TASK ITEM ::
Give again, word for word, every line below from the one that has "Продажа коттеджей и" through the one that has "Luxury Apartment in Kalamaki Riviera", both included, and no others.
++++++++++
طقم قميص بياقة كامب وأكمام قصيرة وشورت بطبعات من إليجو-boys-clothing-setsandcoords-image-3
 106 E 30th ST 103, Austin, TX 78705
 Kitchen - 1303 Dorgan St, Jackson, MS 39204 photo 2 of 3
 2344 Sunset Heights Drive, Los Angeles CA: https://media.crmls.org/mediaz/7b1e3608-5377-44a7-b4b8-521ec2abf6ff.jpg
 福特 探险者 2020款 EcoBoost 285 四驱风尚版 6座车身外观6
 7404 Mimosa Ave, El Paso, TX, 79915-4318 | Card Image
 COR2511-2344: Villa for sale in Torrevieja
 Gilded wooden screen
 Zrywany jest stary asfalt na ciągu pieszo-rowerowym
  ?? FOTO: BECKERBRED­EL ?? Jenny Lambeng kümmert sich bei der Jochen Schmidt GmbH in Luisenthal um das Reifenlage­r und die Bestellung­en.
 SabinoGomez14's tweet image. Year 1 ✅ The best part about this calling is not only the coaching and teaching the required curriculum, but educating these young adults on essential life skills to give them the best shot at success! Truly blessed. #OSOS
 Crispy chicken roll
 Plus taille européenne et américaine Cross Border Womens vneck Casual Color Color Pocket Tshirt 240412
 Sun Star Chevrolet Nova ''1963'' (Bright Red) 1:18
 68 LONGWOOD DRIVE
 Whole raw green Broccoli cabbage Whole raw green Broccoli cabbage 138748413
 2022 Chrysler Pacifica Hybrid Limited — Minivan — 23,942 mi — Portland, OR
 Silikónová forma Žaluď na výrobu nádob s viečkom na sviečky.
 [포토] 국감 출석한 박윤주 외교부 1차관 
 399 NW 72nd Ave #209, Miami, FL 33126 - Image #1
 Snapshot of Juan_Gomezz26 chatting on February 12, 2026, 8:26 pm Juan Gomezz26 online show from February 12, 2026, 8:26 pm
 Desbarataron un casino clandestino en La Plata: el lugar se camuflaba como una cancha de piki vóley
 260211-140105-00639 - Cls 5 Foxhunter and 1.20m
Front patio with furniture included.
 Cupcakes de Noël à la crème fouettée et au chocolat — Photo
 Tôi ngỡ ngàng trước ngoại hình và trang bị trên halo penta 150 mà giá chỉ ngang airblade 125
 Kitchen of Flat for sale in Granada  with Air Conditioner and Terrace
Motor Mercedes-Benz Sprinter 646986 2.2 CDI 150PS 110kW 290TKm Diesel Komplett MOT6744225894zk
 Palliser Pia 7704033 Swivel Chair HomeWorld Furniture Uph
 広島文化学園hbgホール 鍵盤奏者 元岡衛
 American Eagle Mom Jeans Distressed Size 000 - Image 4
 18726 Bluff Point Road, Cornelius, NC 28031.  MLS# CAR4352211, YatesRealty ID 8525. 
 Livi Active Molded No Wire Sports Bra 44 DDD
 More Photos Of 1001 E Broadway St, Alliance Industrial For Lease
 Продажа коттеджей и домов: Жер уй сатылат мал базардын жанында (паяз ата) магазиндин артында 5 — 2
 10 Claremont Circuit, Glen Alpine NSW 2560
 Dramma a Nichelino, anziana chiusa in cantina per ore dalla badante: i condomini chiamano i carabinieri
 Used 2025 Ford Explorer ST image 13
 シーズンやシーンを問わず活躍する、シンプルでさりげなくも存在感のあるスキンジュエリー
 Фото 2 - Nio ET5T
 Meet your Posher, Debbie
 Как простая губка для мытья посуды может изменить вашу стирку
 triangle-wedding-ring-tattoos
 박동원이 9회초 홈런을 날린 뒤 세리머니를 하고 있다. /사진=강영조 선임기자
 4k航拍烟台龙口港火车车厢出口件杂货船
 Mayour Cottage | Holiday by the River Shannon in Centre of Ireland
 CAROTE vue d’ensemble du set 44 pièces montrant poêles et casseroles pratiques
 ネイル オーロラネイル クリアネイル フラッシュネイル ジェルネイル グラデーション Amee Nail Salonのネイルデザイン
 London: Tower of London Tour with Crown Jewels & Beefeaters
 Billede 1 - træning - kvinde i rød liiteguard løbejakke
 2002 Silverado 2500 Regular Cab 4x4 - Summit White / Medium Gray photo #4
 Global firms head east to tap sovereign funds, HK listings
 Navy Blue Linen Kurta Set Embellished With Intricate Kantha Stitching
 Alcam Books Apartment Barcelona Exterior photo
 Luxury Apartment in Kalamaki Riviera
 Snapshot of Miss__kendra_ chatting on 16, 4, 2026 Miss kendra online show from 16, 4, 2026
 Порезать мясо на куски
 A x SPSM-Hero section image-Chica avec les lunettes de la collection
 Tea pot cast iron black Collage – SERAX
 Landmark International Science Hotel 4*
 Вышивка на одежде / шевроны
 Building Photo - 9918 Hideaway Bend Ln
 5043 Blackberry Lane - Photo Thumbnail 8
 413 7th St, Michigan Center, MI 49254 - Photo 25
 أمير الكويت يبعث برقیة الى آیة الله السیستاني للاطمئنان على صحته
++++++++++
EXERCISE SOLUTION ::
 Продажа коттеджей и домов: Жер уй сатылат мал базардын жанында (паяз ата) магазиндин артында 5 — 2
 10 Claremont Circuit, Glen Alpine NSW 2560
 Dramma a Nichelino, anziana chiusa in cantina per ore dalla badante: i condomini chiamano i carabinieri
 Used 2025 Ford Explorer ST image 13
 シーズンやシーンを問わず活躍する、シンプルでさりげなくも存在感のあるスキンジュエリー
 Фото 2 - Nio ET5T
 Meet your Posher, Debbie
 Как простая губка для мытья посуды может изменить вашу стирку
 triangle-wedding-ring-tattoos
 박동원이 9회초 홈런을 날린 뒤 세리머니를 하고 있다. /사진=강영조 선임기자
 4k航拍烟台龙口港火车车厢出口件杂货船
 Mayour Cottage | Holiday by the River Shannon in Centre of Ireland
 CAROTE vue d’ensemble du set 44 pièces montrant poêles et casseroles pratiques
 ネイル オーロラネイル クリアネイル フラッシュネイル ジェルネイル グラデーション Amee Nail Salonのネイルデザイン
 London: Tower of London Tour with Crown Jewels & Beefeaters
 Billede 1 - træning - kvinde i rød liiteguard løbejakke
 2002 Silverado 2500 Regular Cab 4x4 - Summit White / Medium Gray photo #4
 Global firms head east to tap sovereign funds, HK listings
 Navy Blue Linen Kurta Set Embellished With Intricate Kantha Stitching
 Alcam Books Apartment Barcelona Exterior photo
 Luxury Apartment in Kalamaki Riviera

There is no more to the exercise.